How Quality Infrastructure Investment Sparks a Virtuous Circle of Benefits

Public investment in infrastructure attracts private investment, which in turn leads to economic growth.
Public investment in infrastructure attracts private investment, which in turn leads to economic growth.

By Robert Guild

Public investment in infrastructure attracts private investment and fuels economic growth, which in turn generates extra public revenue to spend on more and better infrastructure. 

There is no doubt that investing in infrastructure is good for economic development. Indeed, two of the main goals of the quality infrastructure investment initiative that is currently being mainstreamed through the G20 process are to maximize the economic impact of infrastructure and create a "virtuous circle" of economic activities stemming from infrastructure.

A virtuous circle in economic theory occurs when there are positive and mutually reinforcing interactions between public investment and economic development. When one increases, so does the other.

In a fiscal model, public investment leads to economic growth, which strengthens tax bases and increases revenue, which in turn creates fiscal space for more investment. In a trade model, public investment in connectivity increases trade, which induces private investment by reducing transaction costs, which leads to more trade. In a socioeconomic model, public investment raises the productivity of private capital and improves services and the environment, then direct and induced feedback loops attract firms and workers, leading to more growth and investment. These are in fact different windows on a common set of factors.

It has long been common economic wisdom that public investment in infrastructure attracts private investment, which in turn leads to economic growth. 

  Quality infrastructure investment raises economic efficiency

Going back to the early 1900s, economists understood that firms choose least-cost locations, and their decisions could be affected by providing better transportation facilities. Growth was a simple outcome of building to attract more businesses to a city or region.

To the extent that economists thought about other benefits like better infrastructure services or an improved environment, those were likely seen as consumption benefits. And financing infrastructure was generally regarded as a public responsibility in any case, so the potential increase in tax revenues was not a prime motivation. The circle was not yet complete.

Gradually, economists began to understand that economic development progresses more organically as public investment allows firms and households to make more efficient use of their labor, capital, and natural resources. These benefits attract more private investment from firms and households, and their increased output grows the tax base and increases revenues, allowing a new round of public investment.

The virtuous circle of quality infrastructure investment thus relies essentially on increasing economic efficiency by complementing private capital and labor. There are many ways that public infrastructure development can help increase the return on investment for private capital.

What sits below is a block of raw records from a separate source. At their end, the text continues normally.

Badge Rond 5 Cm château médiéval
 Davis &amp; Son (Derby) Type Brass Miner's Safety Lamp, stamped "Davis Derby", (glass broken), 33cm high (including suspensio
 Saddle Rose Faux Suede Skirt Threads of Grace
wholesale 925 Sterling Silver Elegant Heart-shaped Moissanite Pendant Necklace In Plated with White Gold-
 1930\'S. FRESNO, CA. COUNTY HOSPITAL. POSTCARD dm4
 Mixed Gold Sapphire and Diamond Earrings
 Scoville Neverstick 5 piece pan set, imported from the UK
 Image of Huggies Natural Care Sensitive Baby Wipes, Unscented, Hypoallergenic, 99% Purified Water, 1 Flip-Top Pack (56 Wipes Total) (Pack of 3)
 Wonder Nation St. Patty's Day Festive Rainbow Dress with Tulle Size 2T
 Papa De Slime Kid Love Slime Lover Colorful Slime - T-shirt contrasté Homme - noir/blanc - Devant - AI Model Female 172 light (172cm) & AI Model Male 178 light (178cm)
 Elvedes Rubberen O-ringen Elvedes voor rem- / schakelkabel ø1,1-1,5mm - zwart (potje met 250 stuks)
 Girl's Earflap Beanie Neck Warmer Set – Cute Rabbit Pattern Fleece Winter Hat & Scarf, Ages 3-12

  Quality infrastructure always offers strong return on investment

Quality infrastructure lowers production costs and increases returns to investment. It increases business efficiency by saving time, improving reliability, and providing higher quality services and thus supporting economies of scale and making agglomerations of economic activity more productive. Quality infrastructure also helps labor markets to become more efficient and flexible, and spurs competition and trade by opening up markets and cutting costs.

These benefits in turn attract more private investment and workers. Think of the decades-long boom in aerospace and high tech sectors as people fled the declining Rust Belt for the suburbs and freeways and universities in the new American west. (There is also a cautionary tale in this example – it should also be noted that vicious circles of economic decline can be created through under-investment and deferred maintenance.)

If we think of public infrastructure as only an input to production, constructing it creates a direct demand stimulus. But when it complements and raises the productivity of the other two inputs of private capital and labor, public infrastructure does much more – it lowers costs and augments the output.

To the extent that public infrastructure resolves this equation successfully, it increases returns to capital and thus induces further private investment and attracts more labor through both higher wages and lower prices. In other words, the consumption benefits of better services and environments are not just amenities, they also catalysts for productivity.

  Quality infrastructure investment benefits both public, private sectors

Recent evidence from the IMF, mainly from OECD countries, provides evidence for these effects.

First, a 1% increase in public infrastructure investment can augment GDP by an average 0.4% in the same year and 1.5% over 4 years. Second, public investment does not substitute for private investment but rather crowds it in. Third, employment increases by up to 0.3% for the same level of investment. And fourth, in well governed cities and regions, that investment can reduce public sector debt-to-GDP by up to 4% in the first four years. The evidence from developing economies tells a similar story, but is much more variable than in advanced economies, with estimates tending to be lower.

That last point is very important, as it suggests that economies grow more than the level of spending required to increase the output, and possibly also that governments use their increased tax revenues to pay down existing debt. The implications for tax growth and tax revenue are thus likely to be positive for debt sustainability in developing economies.

There is a very rich literature on these questions, with varying estimates of impact, but a general consensus has emerged that virtuous circles exist and can be supported through public investment policy. The supporting roles played in infrastructure planning, financing, and governance are thus crucial determinants of the economic development path.